In the world of relating, there is a new paradigm brewing.  Whether in business relationships, romantic or familial interactions, or a passing incident at the grocery store, the traditional tendency is to hold each other in fixed patterns of communication.  These held positions are old stories we continually replay, locking us into repeating the same system of interacting over and over again, hoping for change, but never really achieving a different outcome.  This traps us in a negative feedback loop that impedes us from clear, honest and liberating communication.

 

For anyone who is in a committed relationship, whether it is couples, friends or families, the love for each other takes us into places--deep beneath what we think we know about ourselves.  The gift of a relationship is that it transports us beyond the threshold of our own self-perception.  Over time, an individual becomes triggered by another’s pressure against them.  At this point, old stories and contractions take center stage and become more important than the actual person that you love.  In an adversarial conversation, most often the words are aimed at the other person, polarizing the situation.  Instead of attracting to each other--north/south--as two magnetic poles do, they wind up configuring south/south or north/north and start to repel from each other.  The story becomes more and more contracted and dense; the attention is shifted from the person and is fixated on the story.  The love and commitment may still be there, but the ease, joy and spontaneity is stilted due to this truncated flow of relating.

Much of relating happens in the unspoken world, in reaction to eye movement, body position and gestures.  NLP, neurolinguistic programming, studies eye position, jaw, posture and breath to understand what people are really trying to express and what they are attempting to conceal from the outside world.  Understanding what is happening on the nonverbal level leads to deeper and less encumbered forms of communication.

This workshop focuses on that non-verbal aspect of relating.  First, a safe, transformative space will be created between each other where safe, conscious games can bring forth the awareness of body language.  One aspect of these games addresses peripheral sight, that field of vision outside the very center of gaze.  In the western world, most individuals are locked into particular, direct sight—just looking at the details, missing the larger context of the space around them and between one another.  Peripheral sight activates that part of the mind where direct sight doesn’t reach.  It stimulates both hemispheres of the brain as well as the reptilian brain, making us more aware of the unseen field of space outside of our direct gaze.
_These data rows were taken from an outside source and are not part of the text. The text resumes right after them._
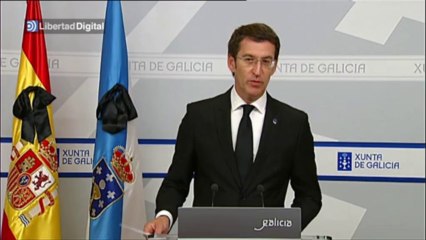 Feijóo, orgulloso del comportamiento "ejemplar" de los gallegos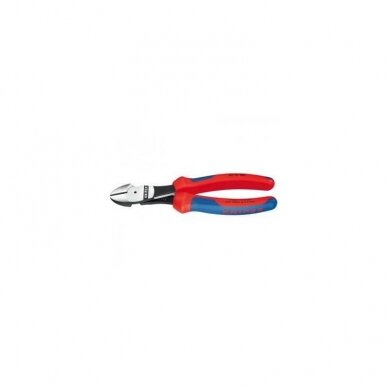 Didelės svertinės jėgos kirpimo replės KNIPEX 7412 Didelės svertinės jėgos kirpimo replės KNIPEX 7412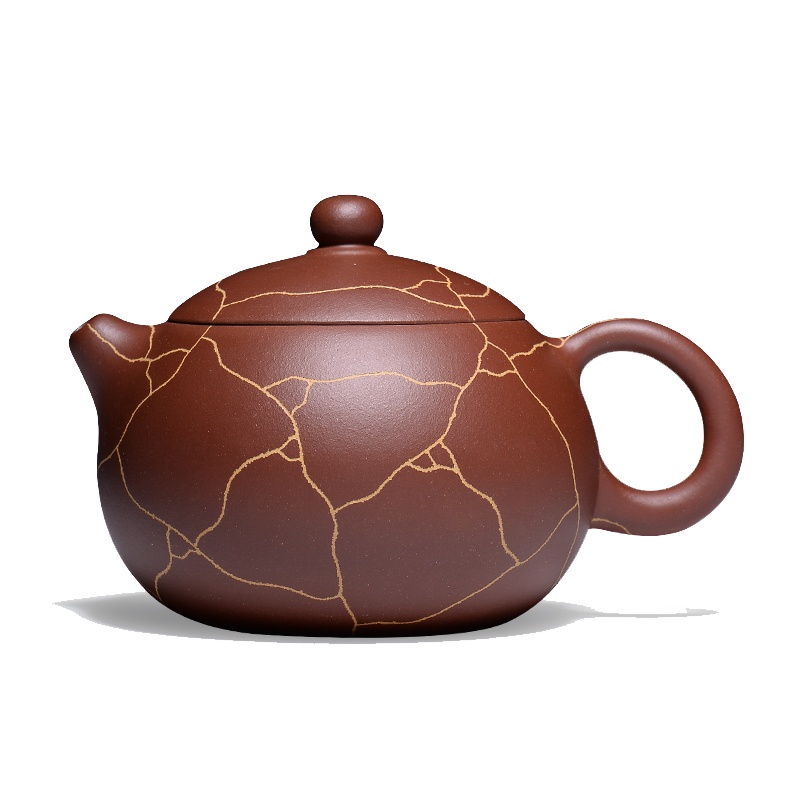 子冶 西施壶 开片冰纹 原矿底槽青宜兴紫砂壶纯全手工茶具套组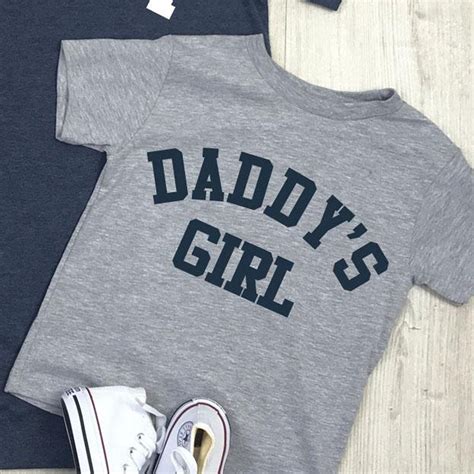 Daddy And Daddys Girl College Matching T Shirts Etsy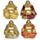 Szerencsehozó Mini Buddha - Arany Glitteres Kínai Nevető Buddha 8cm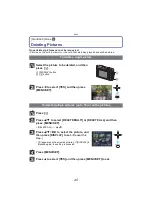 Preview for 45 page of Panasonic DMC-FP8S - Lumix Digital Camera Operating Instructions Manual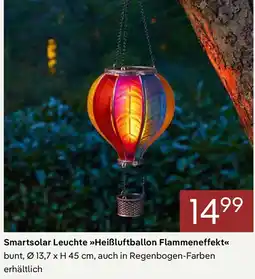 Pflanzen Kölle Smartsolar Leuchte Heißluftballon Flammeneffekt Angebot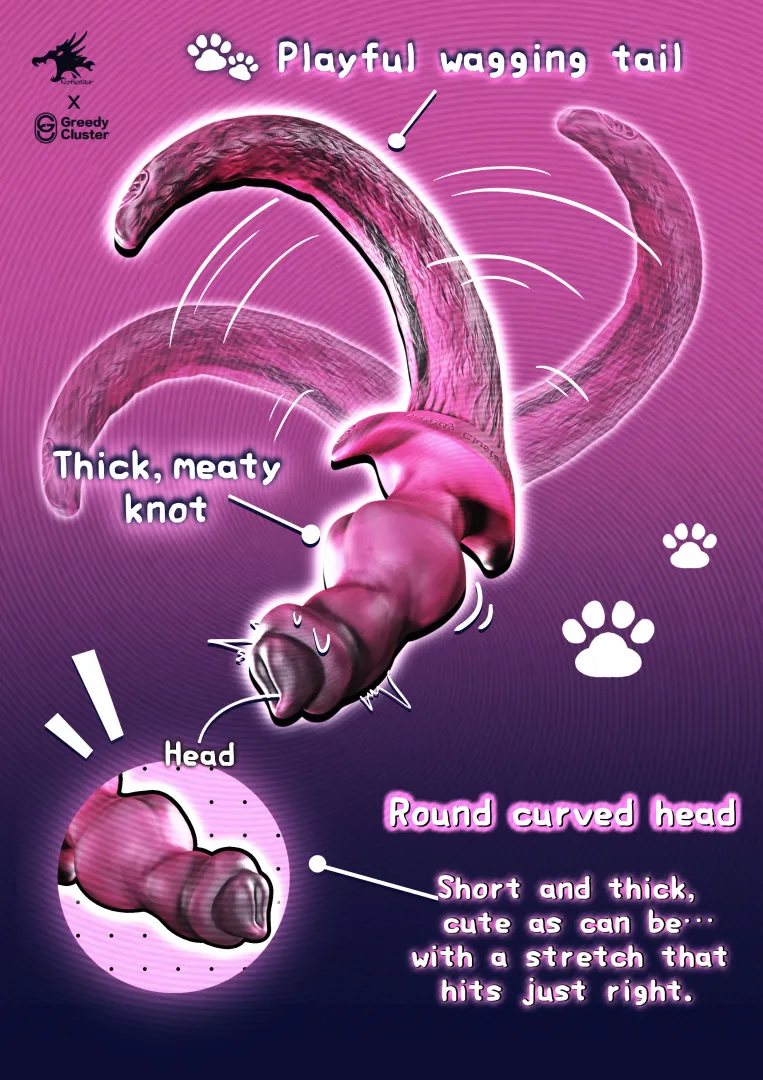 Ready to wag that tail and tremble with every drop? posted by NothosaurToysUS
It uncovers capabilities in eyesight and perception, providing information that we may not have been aware of.  It allows one to sense the aura around a person, plant or animal.  This shifts us into more instinctive and empathic fields of consciousness,

increasing sensitivity and awareness.  While engaged in this type of cognizance, adversarial communication is a less likely outcome. On the other hand, the possibility to connect on a much deeper and rewarding level is enhanced.

What is meant by safe, transformative space?  It is a non-dualistic field of energy uniting individuals.  It offers both parties a safe place to share intense communication and experiences without feeling attacked, overwhelmed or blamed.  Within this energetic field, a birthing bowl of co-creative change results, allowing the relationship to move to a deeper, more dynamic level.
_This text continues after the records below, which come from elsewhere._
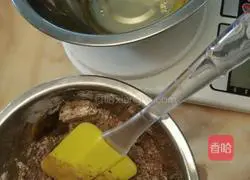 Chocolate Macaron Illustration of how to do it 5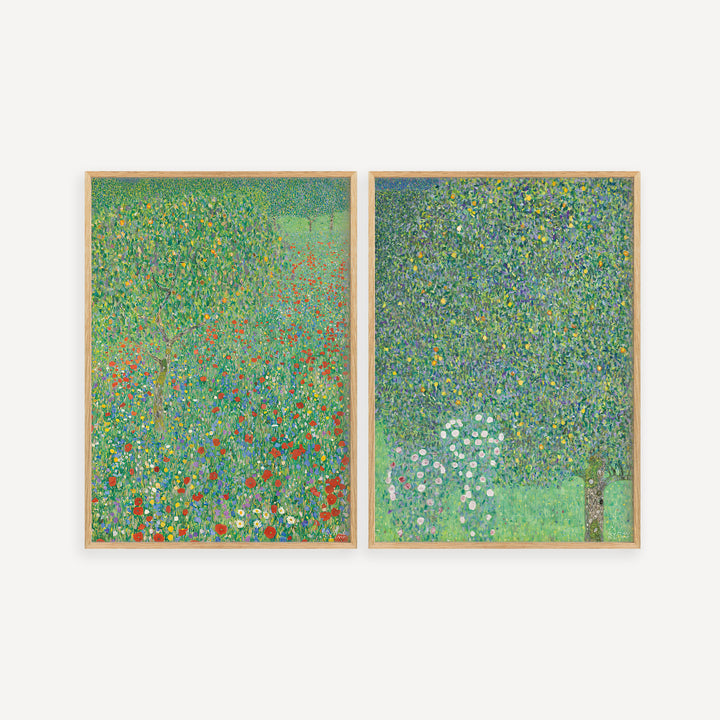 Gustav Klimt Nature Poster Set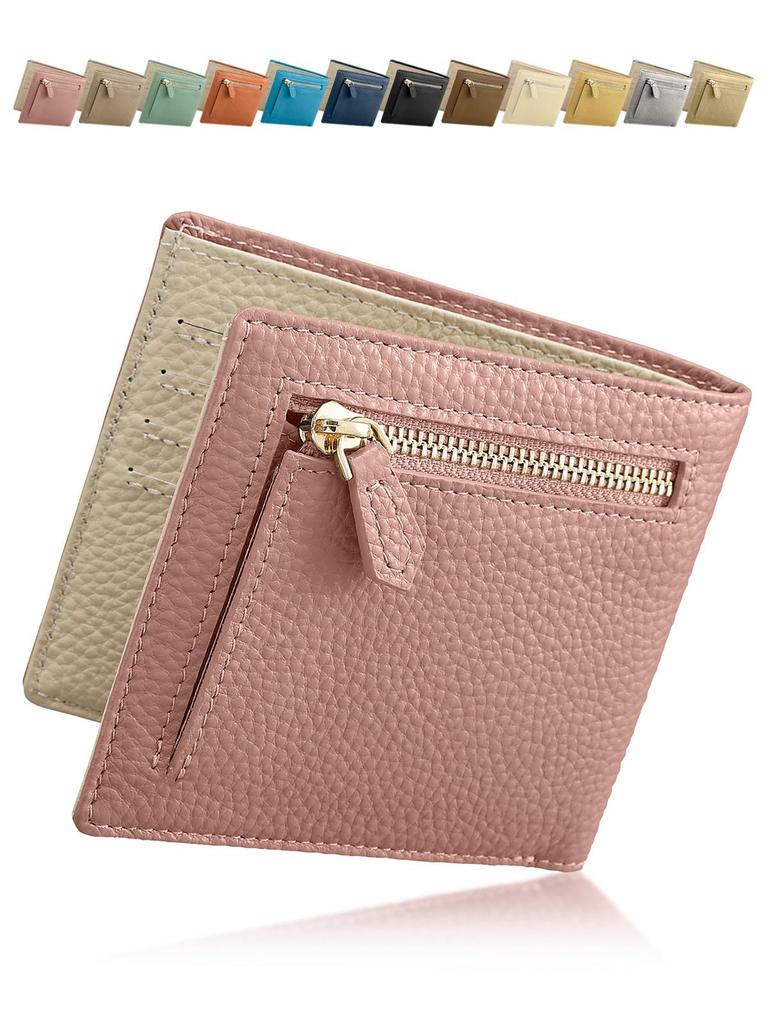 Mini Wallet Featured In Beauty Genuine Supervised by Storage Mini Skimming Prevention [Encore] [Ultra-thin 7mm, Encyclopedia] Wallet, Ladies, Compact,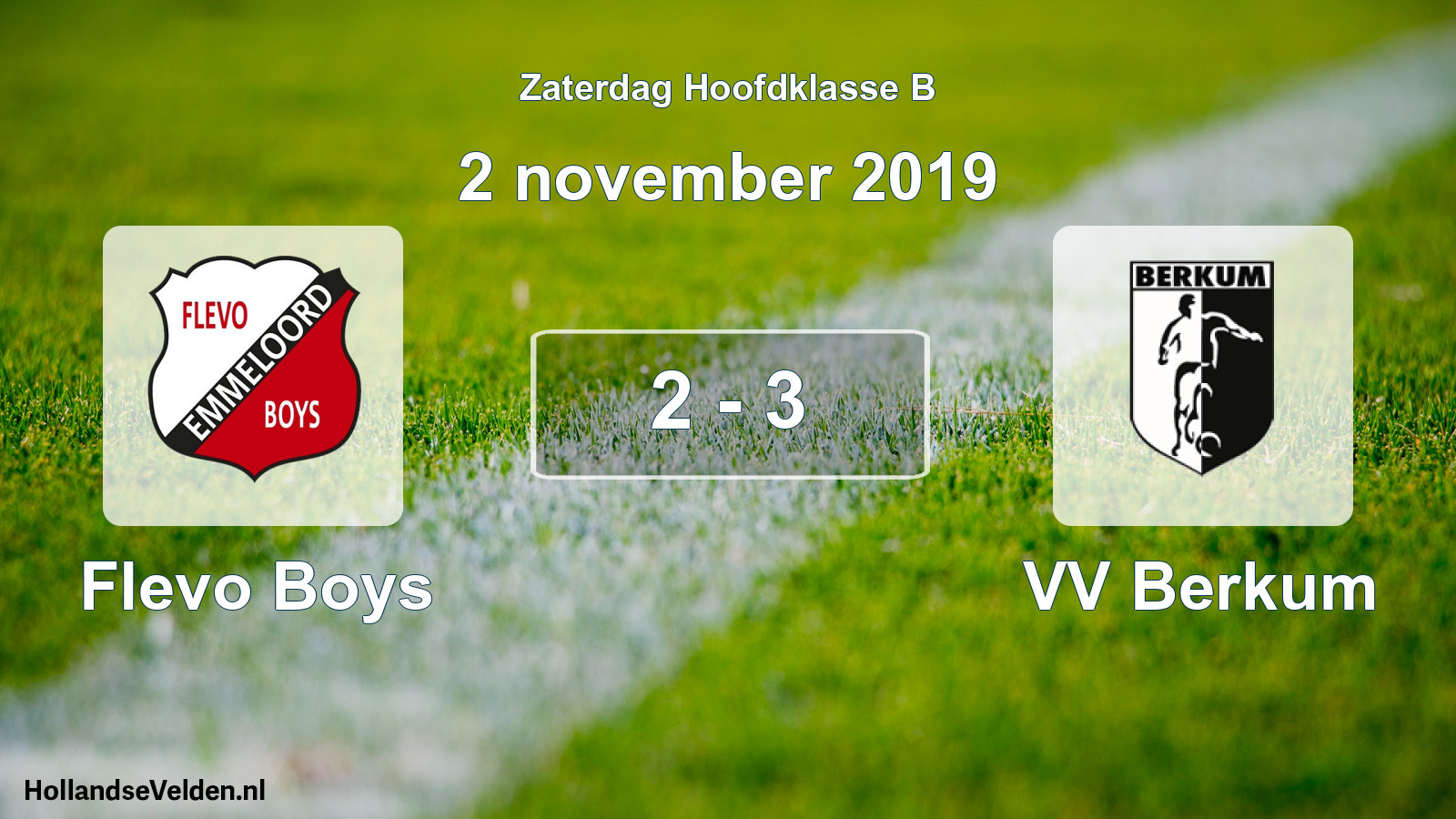 Total number of matches played: Flevo Boys - VV Berkum 2 - 3 (2 November 2019)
For example, as a couple or a group sits together, they can be absorbed in conversation but still feel separate from each other.  Or, in a business relationship, a misinterpretation escalates into an adversarial position.  This new paradigm of relating can be tantamount in changing that. Being able to understand one’s position and what it is connected to before it escalates into an argument is invaluable.  A way to change that is to address the space between two people; it is comprised of the union of their energies, creating a membrane between them.  This energetic sheath uniting them is greater than either individual.  It provides fertile ground for new possibilities.  Imagine the individuals as two magnetic rods held in space; they feel the pull to connect and explore the power of this invisible force.  The space between is rich with energetic potential.  This field, the space between, will be explored in luscious detail.  You will learn to speak, listen and feel into this fluid vessel of creativity.  You will come to know, experientially, how this field operates and what potential it holds for you.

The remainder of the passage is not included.